Im Altarraum der St. Michaelis-Kirche gibt es viele Aktionen, Kinder spielen vor dem Altar. Das Kirchenschiff wird zum Restaurant und das nicht nur für Bedürftige. Jeder darf kommen. © Andre Lenthe Fotografie | André Lenthe Fotografie

Ein weiteres Highlight ist in diesem Jahr der kostenlose Haarschnitt. Im Pfarrhaus schwingt der selbstständige Friseur Hendrik Menges seinen Kamm und die Schere an drei Tagen. „Ich bin im letzten Jahr bereits spontan an einem Tag eingesprungen und als ich in diesem Jahr erneut angefragt wurde, habe ich sofort zugesagt“, erklärt der 27-jährige Adendorfer. „Normalerweise habe ich einen sehr eingeschränkten Kundenkreis. Daher ist es schön, hier mal andere Gesichter zu sehen und glücklich zu machen“, so der junge Mann, dessen Erscheinungsbild eher an einen Punk, als an einen warmherzigen Kirchenmann erinnert.

Konzept der Vesperkirche ist vor rund 25 Jahren in Stuttgart entstanden

„Es ist schön, dass hier Menschen aus verschiedenen Schichten zusammenkommen, nicht nur Arme oder Reiche, sondern diejenigen die sich sonst allzu oft aus dem Weg gehen“, sagt eine Frau, die wartend auf einem Stuhl sitzt, um sich die Haare schneiden zu lassen. Genau das ist auch die Motivation des Organisationsteams der Vesperkirche.

Das Konzept der Vesperkirche ist vor rund 25 Jahren in Stuttgart entstanden. Die Grundidee: ärmeren Menschen in einem würdigen Rahmen eine günstige oder kostenlose Mahlzeit anzubieten und darüber hinaus alle Milieus im Stadtteil an einer Tafel miteinander ins Gespräch zu bringen. Seither sind laut dem Theologen und Mitbegründer Martin Dorner deutschlandweit Dutzende Vesperkirchen entstanden, die den Grundgedanken um eigene kreative, politische und spirituelle Akzente ergänzen.
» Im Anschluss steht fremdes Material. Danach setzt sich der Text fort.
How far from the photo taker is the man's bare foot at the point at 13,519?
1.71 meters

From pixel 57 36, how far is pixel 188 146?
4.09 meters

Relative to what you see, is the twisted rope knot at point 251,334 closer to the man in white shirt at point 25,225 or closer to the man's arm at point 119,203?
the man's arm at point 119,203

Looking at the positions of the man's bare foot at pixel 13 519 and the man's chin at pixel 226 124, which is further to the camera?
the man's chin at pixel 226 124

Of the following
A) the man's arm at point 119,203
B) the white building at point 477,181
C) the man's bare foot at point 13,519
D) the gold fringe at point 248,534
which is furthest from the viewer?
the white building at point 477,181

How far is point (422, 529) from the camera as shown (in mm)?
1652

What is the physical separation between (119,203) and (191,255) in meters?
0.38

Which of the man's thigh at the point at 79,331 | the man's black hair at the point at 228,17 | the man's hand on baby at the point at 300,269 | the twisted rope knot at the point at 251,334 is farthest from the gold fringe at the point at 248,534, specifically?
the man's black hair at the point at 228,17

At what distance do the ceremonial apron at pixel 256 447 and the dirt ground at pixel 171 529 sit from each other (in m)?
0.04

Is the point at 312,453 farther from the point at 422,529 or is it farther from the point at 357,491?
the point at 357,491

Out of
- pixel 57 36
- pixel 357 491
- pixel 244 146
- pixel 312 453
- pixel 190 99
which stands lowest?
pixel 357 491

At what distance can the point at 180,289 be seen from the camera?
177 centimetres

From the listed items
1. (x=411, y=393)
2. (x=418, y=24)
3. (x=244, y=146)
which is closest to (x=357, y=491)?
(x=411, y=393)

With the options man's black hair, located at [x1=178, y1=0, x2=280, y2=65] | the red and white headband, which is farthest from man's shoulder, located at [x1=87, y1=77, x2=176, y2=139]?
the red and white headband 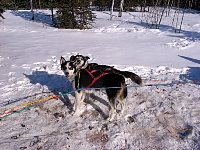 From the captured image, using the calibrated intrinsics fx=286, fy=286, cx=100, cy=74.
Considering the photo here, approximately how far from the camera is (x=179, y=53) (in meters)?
10.6

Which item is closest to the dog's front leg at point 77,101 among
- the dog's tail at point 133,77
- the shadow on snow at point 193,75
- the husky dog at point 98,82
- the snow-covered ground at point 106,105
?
the husky dog at point 98,82

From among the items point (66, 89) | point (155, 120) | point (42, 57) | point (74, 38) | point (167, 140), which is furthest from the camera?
point (74, 38)

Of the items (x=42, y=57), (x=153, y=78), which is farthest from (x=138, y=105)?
(x=42, y=57)

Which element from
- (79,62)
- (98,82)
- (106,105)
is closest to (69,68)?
(79,62)

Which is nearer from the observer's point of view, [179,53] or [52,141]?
[52,141]

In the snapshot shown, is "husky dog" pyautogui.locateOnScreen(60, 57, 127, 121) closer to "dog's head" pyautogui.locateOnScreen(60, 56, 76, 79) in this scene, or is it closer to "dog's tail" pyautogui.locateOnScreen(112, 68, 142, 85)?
"dog's head" pyautogui.locateOnScreen(60, 56, 76, 79)

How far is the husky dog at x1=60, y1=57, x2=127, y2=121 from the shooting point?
17.0 ft

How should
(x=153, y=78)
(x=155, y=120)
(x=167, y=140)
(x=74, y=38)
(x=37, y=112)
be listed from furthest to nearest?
(x=74, y=38), (x=153, y=78), (x=37, y=112), (x=155, y=120), (x=167, y=140)

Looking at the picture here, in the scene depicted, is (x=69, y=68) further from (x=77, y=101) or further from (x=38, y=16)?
(x=38, y=16)

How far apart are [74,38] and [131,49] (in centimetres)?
385

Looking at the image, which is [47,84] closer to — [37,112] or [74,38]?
[37,112]

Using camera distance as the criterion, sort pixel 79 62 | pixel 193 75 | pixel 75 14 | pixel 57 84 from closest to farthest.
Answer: pixel 79 62 < pixel 57 84 < pixel 193 75 < pixel 75 14

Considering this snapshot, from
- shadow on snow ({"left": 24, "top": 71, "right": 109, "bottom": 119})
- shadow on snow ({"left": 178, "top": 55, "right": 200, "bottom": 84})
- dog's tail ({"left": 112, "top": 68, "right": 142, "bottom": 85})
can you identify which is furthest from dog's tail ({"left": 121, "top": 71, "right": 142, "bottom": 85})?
shadow on snow ({"left": 178, "top": 55, "right": 200, "bottom": 84})

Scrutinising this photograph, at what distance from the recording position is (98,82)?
5473 millimetres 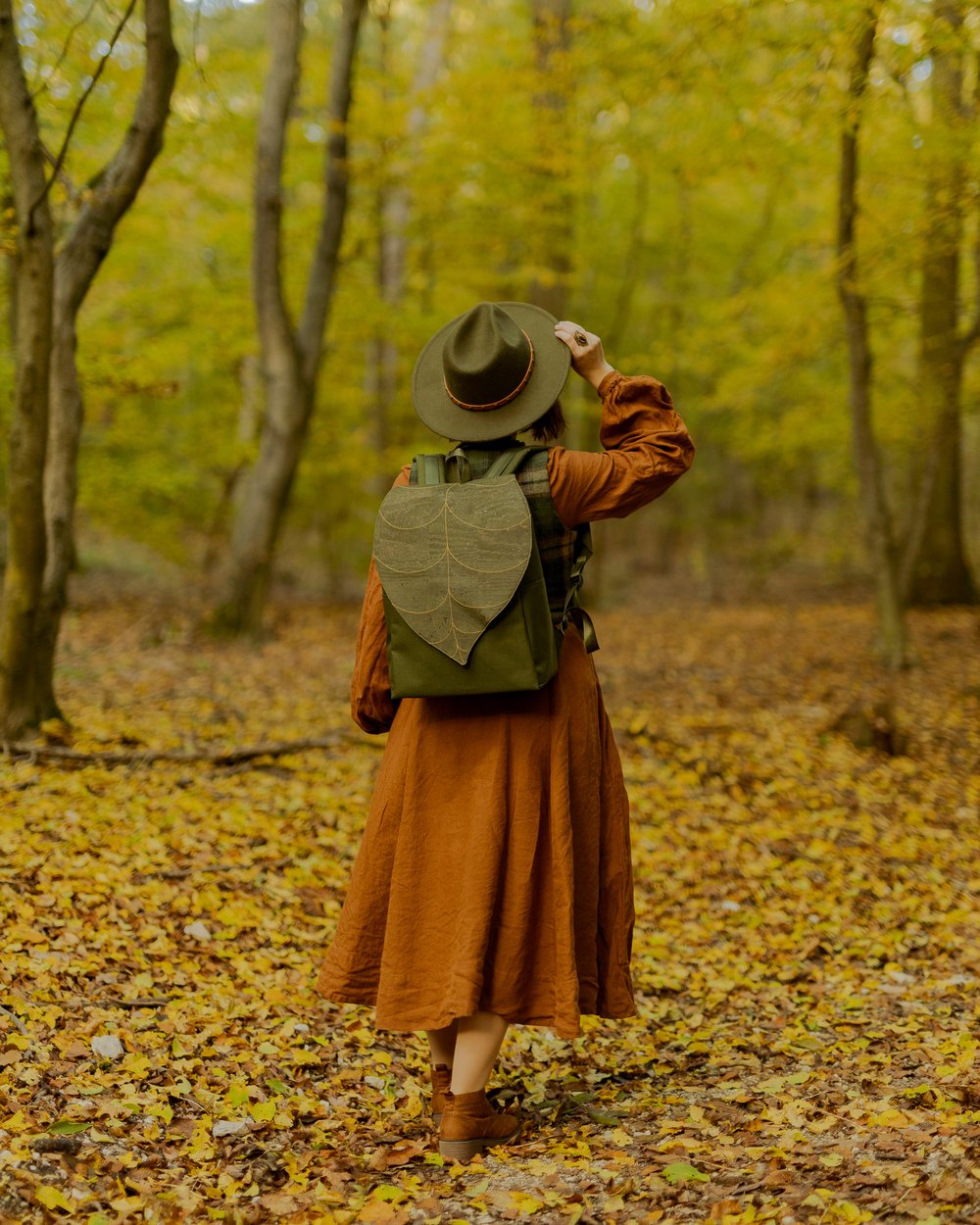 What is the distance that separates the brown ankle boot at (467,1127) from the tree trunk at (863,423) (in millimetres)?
8036

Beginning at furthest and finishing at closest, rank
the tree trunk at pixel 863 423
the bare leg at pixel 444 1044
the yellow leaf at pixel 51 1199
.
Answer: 1. the tree trunk at pixel 863 423
2. the bare leg at pixel 444 1044
3. the yellow leaf at pixel 51 1199

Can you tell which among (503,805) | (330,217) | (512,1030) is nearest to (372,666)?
(503,805)

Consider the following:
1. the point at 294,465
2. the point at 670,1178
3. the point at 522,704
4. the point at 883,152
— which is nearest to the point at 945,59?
the point at 883,152

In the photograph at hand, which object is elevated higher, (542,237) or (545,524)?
(542,237)

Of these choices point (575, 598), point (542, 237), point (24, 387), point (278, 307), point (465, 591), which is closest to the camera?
point (465, 591)

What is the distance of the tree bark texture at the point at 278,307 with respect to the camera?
10.9 metres

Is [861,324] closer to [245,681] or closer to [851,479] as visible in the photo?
[245,681]

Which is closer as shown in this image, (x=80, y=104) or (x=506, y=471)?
(x=506, y=471)

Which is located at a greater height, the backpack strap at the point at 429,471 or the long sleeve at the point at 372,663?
the backpack strap at the point at 429,471

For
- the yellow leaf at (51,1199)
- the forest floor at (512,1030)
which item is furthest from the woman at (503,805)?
the yellow leaf at (51,1199)

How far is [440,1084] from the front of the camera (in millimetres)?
3221

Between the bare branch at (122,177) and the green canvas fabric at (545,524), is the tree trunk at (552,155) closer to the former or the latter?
the bare branch at (122,177)

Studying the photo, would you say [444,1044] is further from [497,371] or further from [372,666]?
[497,371]

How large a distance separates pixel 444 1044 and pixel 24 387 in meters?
4.16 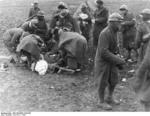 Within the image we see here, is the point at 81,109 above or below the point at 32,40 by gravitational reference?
below

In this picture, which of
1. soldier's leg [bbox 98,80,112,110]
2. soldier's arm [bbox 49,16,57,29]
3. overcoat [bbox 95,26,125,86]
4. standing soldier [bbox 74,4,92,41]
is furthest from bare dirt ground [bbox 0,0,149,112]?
standing soldier [bbox 74,4,92,41]

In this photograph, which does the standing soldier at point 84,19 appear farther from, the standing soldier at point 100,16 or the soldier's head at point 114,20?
the soldier's head at point 114,20

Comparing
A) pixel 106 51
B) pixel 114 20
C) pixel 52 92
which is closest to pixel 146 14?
pixel 114 20

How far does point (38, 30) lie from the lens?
1127 centimetres

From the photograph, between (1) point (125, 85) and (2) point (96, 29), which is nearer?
(1) point (125, 85)

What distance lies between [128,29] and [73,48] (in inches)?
84.1

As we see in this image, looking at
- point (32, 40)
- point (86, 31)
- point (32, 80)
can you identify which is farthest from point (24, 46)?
point (86, 31)

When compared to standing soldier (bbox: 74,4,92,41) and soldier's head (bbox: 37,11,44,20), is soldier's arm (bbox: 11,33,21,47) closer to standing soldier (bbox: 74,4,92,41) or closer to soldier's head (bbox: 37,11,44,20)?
soldier's head (bbox: 37,11,44,20)

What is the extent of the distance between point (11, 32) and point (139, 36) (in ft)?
17.3

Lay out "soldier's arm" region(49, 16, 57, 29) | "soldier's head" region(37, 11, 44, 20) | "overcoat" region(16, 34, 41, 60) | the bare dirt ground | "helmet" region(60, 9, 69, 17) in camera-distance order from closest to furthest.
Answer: the bare dirt ground < "overcoat" region(16, 34, 41, 60) < "helmet" region(60, 9, 69, 17) < "soldier's arm" region(49, 16, 57, 29) < "soldier's head" region(37, 11, 44, 20)

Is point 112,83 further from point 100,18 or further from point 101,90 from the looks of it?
point 100,18

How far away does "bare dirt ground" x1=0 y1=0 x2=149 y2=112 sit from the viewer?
7.50 meters

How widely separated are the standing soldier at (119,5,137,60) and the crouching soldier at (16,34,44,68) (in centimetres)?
266

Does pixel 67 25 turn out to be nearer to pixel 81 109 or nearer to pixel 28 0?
pixel 81 109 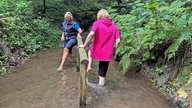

Ein ärztlicher Gesundheitscheck fürs Tier und Tierfotografie

Friseur Hendrik Menges ist selbstständiger Friseur. Während der Vesperkirche in Lüneburg schneidet er kostenlos die Haare und das nicht nur für Bedürftige. Jeder darf kommen. Lüneburg, der 22.11.2022
Friseur Hendrik Menges ist selbstständiger Friseur. Während der Vesperkirche in Lüneburg schneidet er kostenlos die Haare und das nicht nur für Bedürftige. Jeder darf kommen. Lüneburg, der 22.11.2022 © Andre Lenthe Fotografie | André Lenthe Fotografie

Ein beeindruckendes Vesperprogramm haben Gemeindepastorin Silke Ideker und Michael Elsner von der Lebensraum Diakonie mit unzähligen Helferinnen und Helfern auch in diesem Jahr auf die Beine gestellt. Ein ärztlicher Gesundheitscheck fürs Tier und Tierfotografie durch die Tiertafel Lüneburg oder Steine der Erinnerung bemalen mit der Thomasgemeinschaft, – all das steht auf dem bunten Zeitplan, genauso wie eine Second-Hand-Kleidungsverteilung, Henna-Tattoos und Yoga in der Abtskapelle. Abends zaubern beispielsweise die Landfrauen leckere Rosmarinkartoffeln auf die Teller und die Arbeiterwohlfahrt baut ein arabisches Buffet auf. Täglich wird, noch bis Freitag, um 18 Uhr die Vespermahlzeit serviert. Bevor dann der jeweilige Abend mit einem Kulturprogramm ausklingt.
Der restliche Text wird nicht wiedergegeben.